For IST there are 10 adult age groups, of which 2 show male advantage, and only the female advantage is significant.

Looking at the individual test results as a whole the picture is, as the authors imply, unconvincing on the male advantage hypothesis, even among those tests that cover adults.

However, almost all these tests do not report the raw scores, which is a considerable problem in ability testing. Why not? Well, many intelligence tests have idiosyncratic scoring systems according to the material used, number of items, additions for quick completion, reductions for partial errors, and so on. So the real raw scores are changed into scaled scores, and those scaled scores may be drawn from different tables according to age. There is some scope for blurring reality. It should not affect sex differences, but the change from raw to scaled scores is not something easy to track down. This certainly has an impact on Flynn effect calculations. Looking at the raw scores on coding tasks or digits forwards and backwards for each age (where the raw score is a real ratio scale) would be very interesting, which should knock on the head any residual doubts.

If you inspect the torrent of individual results in the paper, there is little evidence of any consistent pattern of sex differences. The sample sizes for each age band are respectable though not large, so it was with some relief that I turned to their overall meta-analysis of the results in Table 7, though that table is a little hard to read. A positive Cohen’s d score reveals a male advantage. The Q score is the Chi-square test result, with the degrees of freedom in brackets. The L squared test gives the chi-square results corrected for degrees of freedom and calculates the percentage of the variability in effect estimates that is due to heterogeneity rather than sampling error.

However, to test Lynn’s hypothesis we should have a Table 8 which restricts itself to the 17 year+ adults, up the whole age range. This would be interesting.

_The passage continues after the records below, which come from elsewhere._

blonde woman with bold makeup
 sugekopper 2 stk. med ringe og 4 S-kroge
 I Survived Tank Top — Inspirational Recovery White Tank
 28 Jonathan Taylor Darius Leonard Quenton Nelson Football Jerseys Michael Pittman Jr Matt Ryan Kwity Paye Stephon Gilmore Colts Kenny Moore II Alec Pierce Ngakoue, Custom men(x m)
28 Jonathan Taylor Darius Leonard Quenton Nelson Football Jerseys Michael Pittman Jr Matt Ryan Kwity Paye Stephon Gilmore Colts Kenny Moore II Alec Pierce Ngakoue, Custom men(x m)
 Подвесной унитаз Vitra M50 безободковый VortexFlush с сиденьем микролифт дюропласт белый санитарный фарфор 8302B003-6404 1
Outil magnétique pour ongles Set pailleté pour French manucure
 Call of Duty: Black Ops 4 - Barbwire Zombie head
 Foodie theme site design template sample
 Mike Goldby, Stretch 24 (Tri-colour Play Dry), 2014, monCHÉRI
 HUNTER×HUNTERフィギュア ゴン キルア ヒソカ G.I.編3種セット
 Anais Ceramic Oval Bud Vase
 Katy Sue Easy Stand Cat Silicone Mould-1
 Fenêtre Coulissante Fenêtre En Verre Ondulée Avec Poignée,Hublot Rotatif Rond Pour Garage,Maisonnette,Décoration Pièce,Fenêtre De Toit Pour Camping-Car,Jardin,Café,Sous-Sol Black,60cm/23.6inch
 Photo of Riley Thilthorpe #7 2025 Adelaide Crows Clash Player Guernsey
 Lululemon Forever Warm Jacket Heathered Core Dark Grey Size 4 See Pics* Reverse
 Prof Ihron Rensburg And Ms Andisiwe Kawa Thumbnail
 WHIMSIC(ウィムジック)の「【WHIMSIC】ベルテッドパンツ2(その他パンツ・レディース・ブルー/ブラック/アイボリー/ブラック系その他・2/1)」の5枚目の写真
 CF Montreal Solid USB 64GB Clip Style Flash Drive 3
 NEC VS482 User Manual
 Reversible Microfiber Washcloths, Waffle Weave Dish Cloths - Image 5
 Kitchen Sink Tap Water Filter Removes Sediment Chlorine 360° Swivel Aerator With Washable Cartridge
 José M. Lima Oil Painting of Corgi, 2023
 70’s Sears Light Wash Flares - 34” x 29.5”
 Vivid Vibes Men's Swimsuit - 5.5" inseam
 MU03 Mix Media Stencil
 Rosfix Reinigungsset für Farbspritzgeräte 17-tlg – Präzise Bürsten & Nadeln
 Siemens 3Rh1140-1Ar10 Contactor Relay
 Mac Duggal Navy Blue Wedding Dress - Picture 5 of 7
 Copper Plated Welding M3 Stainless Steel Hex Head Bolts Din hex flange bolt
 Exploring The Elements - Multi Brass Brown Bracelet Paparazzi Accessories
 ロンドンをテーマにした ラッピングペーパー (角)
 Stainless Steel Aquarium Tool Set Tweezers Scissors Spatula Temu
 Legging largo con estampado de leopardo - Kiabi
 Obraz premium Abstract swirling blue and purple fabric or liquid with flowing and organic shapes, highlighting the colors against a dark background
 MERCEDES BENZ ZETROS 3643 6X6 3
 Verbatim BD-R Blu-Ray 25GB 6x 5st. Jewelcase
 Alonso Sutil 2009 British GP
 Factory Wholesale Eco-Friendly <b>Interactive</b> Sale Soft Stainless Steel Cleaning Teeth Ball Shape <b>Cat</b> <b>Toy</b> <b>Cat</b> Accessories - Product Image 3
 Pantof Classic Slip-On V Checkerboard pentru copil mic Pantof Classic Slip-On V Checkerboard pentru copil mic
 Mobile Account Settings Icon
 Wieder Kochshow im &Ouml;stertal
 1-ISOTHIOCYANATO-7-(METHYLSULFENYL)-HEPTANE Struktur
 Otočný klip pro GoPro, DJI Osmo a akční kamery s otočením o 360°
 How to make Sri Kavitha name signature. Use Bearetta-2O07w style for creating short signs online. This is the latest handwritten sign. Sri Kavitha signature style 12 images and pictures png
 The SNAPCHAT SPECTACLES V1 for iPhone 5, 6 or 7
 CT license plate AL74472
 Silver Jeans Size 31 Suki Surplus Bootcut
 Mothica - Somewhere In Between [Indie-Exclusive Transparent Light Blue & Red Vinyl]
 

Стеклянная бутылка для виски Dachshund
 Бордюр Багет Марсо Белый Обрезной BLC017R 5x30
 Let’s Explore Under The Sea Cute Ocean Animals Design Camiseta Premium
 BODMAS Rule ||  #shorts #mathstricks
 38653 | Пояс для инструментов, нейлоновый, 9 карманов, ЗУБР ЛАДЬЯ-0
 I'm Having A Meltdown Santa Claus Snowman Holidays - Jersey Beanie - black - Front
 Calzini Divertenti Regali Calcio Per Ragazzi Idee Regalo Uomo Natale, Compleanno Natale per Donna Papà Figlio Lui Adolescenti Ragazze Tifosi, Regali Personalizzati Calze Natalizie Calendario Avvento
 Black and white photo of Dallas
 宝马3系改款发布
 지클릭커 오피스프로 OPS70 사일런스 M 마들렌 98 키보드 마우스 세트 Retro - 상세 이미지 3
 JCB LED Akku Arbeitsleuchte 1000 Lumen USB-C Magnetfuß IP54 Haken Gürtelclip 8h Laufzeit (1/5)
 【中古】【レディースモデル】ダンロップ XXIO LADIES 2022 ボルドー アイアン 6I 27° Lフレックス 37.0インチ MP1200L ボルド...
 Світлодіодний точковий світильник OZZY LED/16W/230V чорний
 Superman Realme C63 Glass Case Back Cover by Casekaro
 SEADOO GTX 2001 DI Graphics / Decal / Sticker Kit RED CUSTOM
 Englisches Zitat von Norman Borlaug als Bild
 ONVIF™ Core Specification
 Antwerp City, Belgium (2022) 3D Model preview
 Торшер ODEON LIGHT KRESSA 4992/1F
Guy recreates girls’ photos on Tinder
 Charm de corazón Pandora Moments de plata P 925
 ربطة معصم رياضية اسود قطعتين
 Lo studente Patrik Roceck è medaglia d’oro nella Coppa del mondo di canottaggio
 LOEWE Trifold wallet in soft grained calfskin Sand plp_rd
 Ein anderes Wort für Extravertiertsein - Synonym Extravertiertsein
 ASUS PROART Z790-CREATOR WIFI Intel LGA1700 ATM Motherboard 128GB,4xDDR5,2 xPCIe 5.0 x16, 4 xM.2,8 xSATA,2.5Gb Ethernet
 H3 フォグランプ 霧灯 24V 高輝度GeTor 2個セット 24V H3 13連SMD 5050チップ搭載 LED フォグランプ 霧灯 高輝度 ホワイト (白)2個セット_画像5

The authors say: The only two scores with a significant (though small) effect are the Raven (d = 0.11, p < 0.01), and the Performance subscore of the SON-R (d = 0.12, p < 0.01), both in favor of males. In the case of the SON-R, medium heterogeneity is signalled by the data: Q(5) = 10.01, p < 0.10, I² = 50.04, I.e. 50% of the total variability in this set of effect sizes are due to between-subsamples variability (true heterogeneity). In the case of the Raven scores, heterogeneity is not present: Q(22) = 21.34, ns., I² = 0.00; I.e. all variability in effect size estimates is due to sampling error within subsamples.

Of course, as Richard Lynn found out, the Wechsler may have been fiddled with a bit to brush away some sex differences, but I doubt that can have been the case for all the other measures, particularly the Raven, designed long ago.

The authors do not bother to remark on something which caught my eye: the Wechsler Intelligence Scale for Children shows a lot of heterogeneity on Full Scale IQ, Verbal IQ and Perceptual Reasoning IQ. The Multidimensional Aptitude Battery and Intelligence Structure tests also show a fair amount of heterogeneity, compared with none for the Raven test. Of course, Richard Lynn might argue that the children’s scale does not prove anything, but that the adult form (not used here) would do so.

The authors conclude: The random and non-replicable pattern of differences observed in the current research seems to support the conclusion that any sex mean or variance differences are likely spurious and the result of sampling or measurement errors than substantive and stable effects. This conclusion is supported for both general intelligence and second-level (more specific) abilities (e.g. performance vs. reasoning, verbal vs. performance, fluid vs. crystallized).

Cautiously, they admit: The current study has a number of limitations. First, even though all the 6 samples on which we report data are carefully selected nationally representative samples, they are not comparable in volume to some of the samples on which data was reported in other studies, such as Deary et al. (2003), or Lohman and Lakin (2009). Therefore, while they make an important contribution for an understudied culture, they may only have a limited impact on the international state of knowledge. Second, some of the tests used in the current research were developed to be as sex neutral as possible. At least for the WISC-IV and SON-R, item bias was examined both by trained judges and through item analysis, and the GAMA and MAB-II were developed with the clear objective of minimizing adverse impact by gender. This may have affected the results and contributed to our null effect conclusion.

My comment: “sex neutral” sound impeccable, but the general drift of test construction is towards sex difference suppression.

Their final word: Research on group differences in intelligence is a politically charged topic with important societal consequences. Therefore, we strongly encourage researchers examining group differences in intelligence to pay close attention to the quality of the samples used and make efforts for increasing their representativeness.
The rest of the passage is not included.